10 de julho de 2026
Nacional

Na ONU, Lula pede ação contra a crise, critica ricos e Bush

Por Da Redação | Com Folhapress e AE
| Tempo de leitura: 3 min

Nova York - O presidente Luiz Inácio Lula da Silva pediu ontem, na abertura da 63.ª Assembléia Geral da ONU, maior participação de órgãos multilaterais na regulação dos mercados financeiros. Ele fez críticas ao que chamou de “anarquia especulativa” e ao breve comentário sobre a crise feita pelo presidente dos EUA, George W. Bush, o segundo líder a discursar. “Eu lamentei, porque eu imaginei que o presidente Bush, na última aparição dele nas Nações Unidas, (...) falaria um pouco da crise econômica, ou seja, o que o governo americano pretende fazer”, disse.

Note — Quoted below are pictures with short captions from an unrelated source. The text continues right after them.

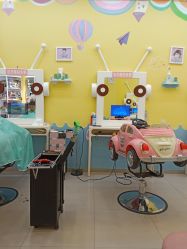 -爆米花儿童美发乐园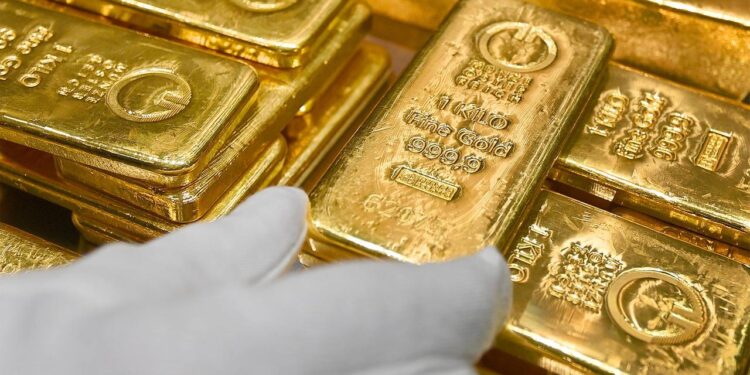 goldpreis-steigt-auf-neues-rekordhoch-von-mehr-als-4.400-dollar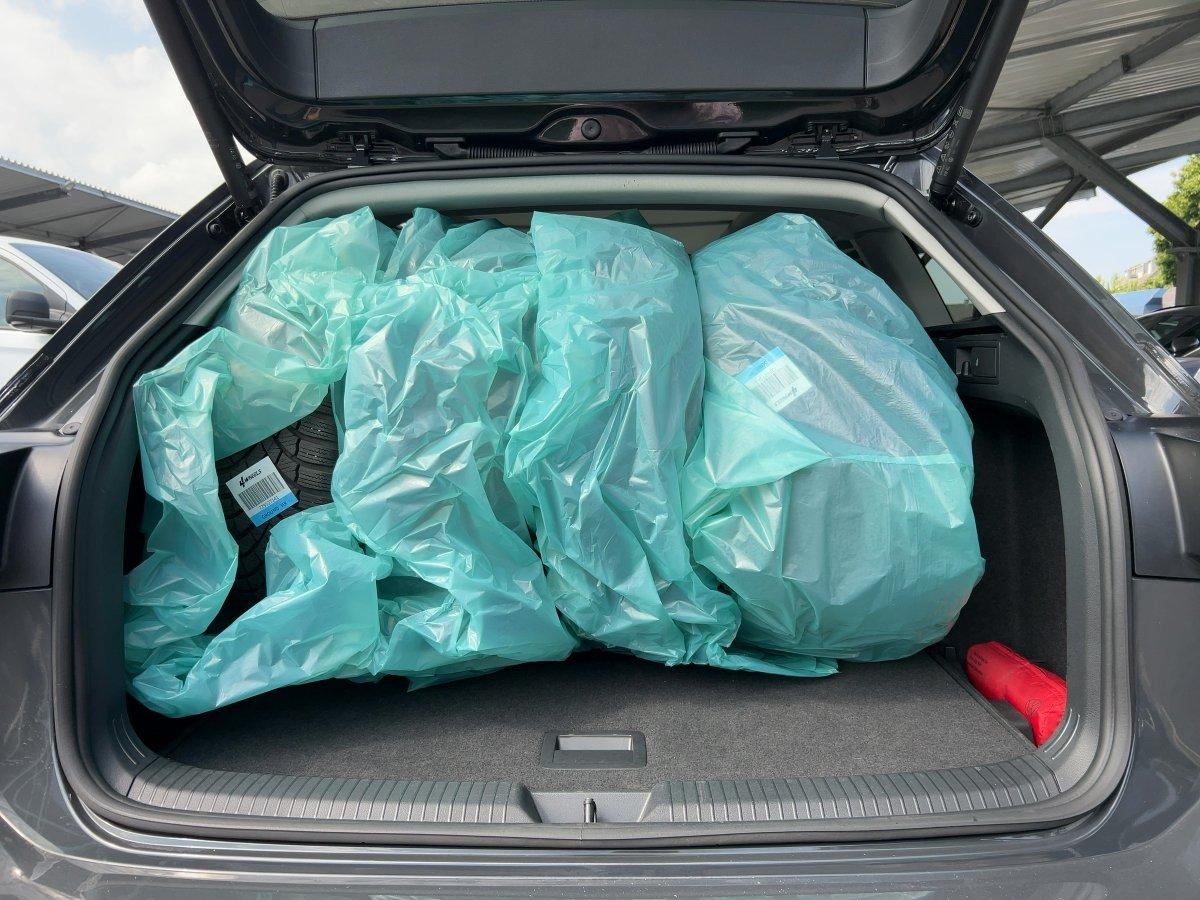 Volkswagen Golf VIII Variant ACTIVE 1.5 eTSI DSG MATRIX+PAN, миниатюра 7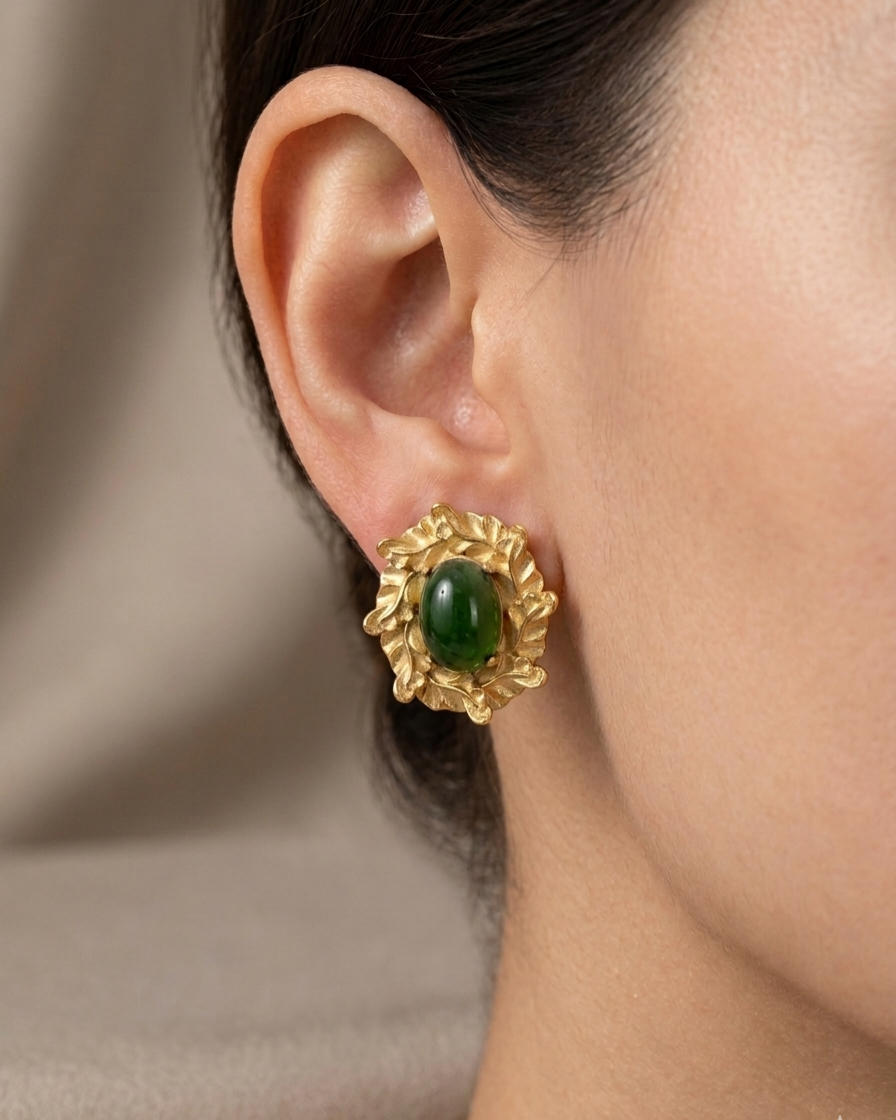 Vintage Leaf Border Oval Emerald Earring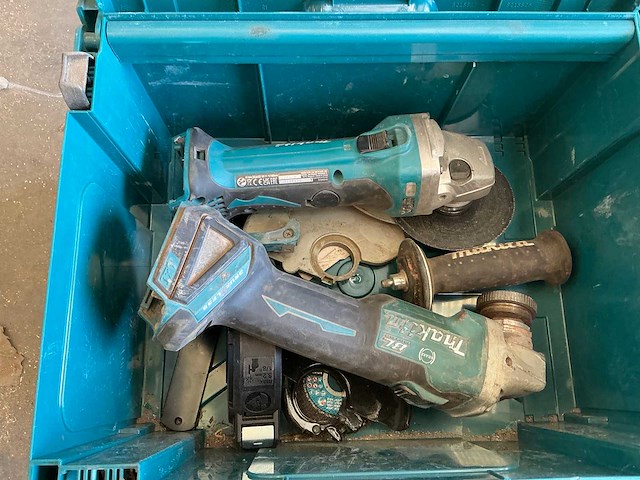 Makita haakse slijpmachine (2x) - afbeelding 8 van  9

“Mas ele fez a opção por voltar a falar de terrorismo e eu, obviamente, como sou defensor da liberdade dos povos e da soberania dos discursos dos presidentes, eu fui obrigado, então, a ficar quieto. Eu esperava que ele fosse falar da crise econômica, que eu acho que era a coisa mais importante neste momento, que ele pudesse citar a dificuldade que está encontrando na Rodada de Doha, mas de qualquer forma, gente, cada um faz o seu pronunciamento.”

Discursando logo após a fala de abertura do secretário-geral da ONU, Ban Ki-Moon, Lula criticou a desregulamentação do mercado financeiro e pediu mais autoridade para organismos econômicos supranacionais (como o Banco Mundial) “para coibir a anarquia especulativa”, já que, para ele, “a ausência de regras favorece aventureiros e oportunistas, em prejuízo das verdadeiras empresas e dos trabalhadores”.

“A euforia dos especuladores transformou-se em angústia dos povos após a sucessão de naufrágios financeiros que ameaçam a economia mundial. As indispensáveis intervenções do Estado, contrariando os fundamentalistas do mercado, mostram que é chegada a hora da política. Somente a ação determinada dos governantes, em especial naqueles países que estão no centro da crise, será capaz de combater a desordem nas finanças internacionais.”

Lula usou o pedido de esforços conjuntos no combate à especulação desenfreada para defender maior cooperação entre os países, para que se encontrem soluções para outras crises mundiais, como a energética e a ambiental. Ele também voltou a defender a ampliação do Conselho de Segurança da ONU, o álcool de cana-de-açúcar, a Rodada Doha e o estreitamento entre nações do Hemisfério Sul em parcerias e acordos que não necessariamente envolvam os países desenvolvidos do Norte.

Suas críticas mais contundentes, entretanto, foram sobre a política mundial de imigração. O presidente não citou nominalmente a Diretiva de Retorno, lei aprovada pela União Européia em junho que estabelece punições mais rígidas a imigrantes ilegais, mas se referia a ela.

Bolívia e “novos muros”

Durante o discurso, Lula lembrou que “o Muro de Berlim caiu”, “mas é triste constatar que outros muros foram se construindo”. O presidente defendeu a retomada das negociações da Rodada Doha, afirmando que “muitos que pregam a livre de circulação de homens e mulheres, com argumentos nacionalistas - e até racistas - que nos fazem evocar - temerosos tempos que pensávamos superados”.

O presidente fez também referência à crise na Bolívia, afirmando que a Unasul, grupo que congrega todos os países sul-americanos, deu “uma resposta rápida e eficaz frente a situações complexas” e que respalda “o governo legitimamente eleito, suas instituições democráticas e sua integridade territorial”, mas apela “ao diálogo como caminho para a paz”.

Lula criticou também a demora na reforma do Conselho de Segurança das Nações Unidas, que está sendo discutida há 15 anos. As crises alimentar mundial e energética também foram citadas pelo presidente no discurso. Lula tentou desvincular a relação entre a inflação no preço dos alimentos no mundo e os biocombustíveis.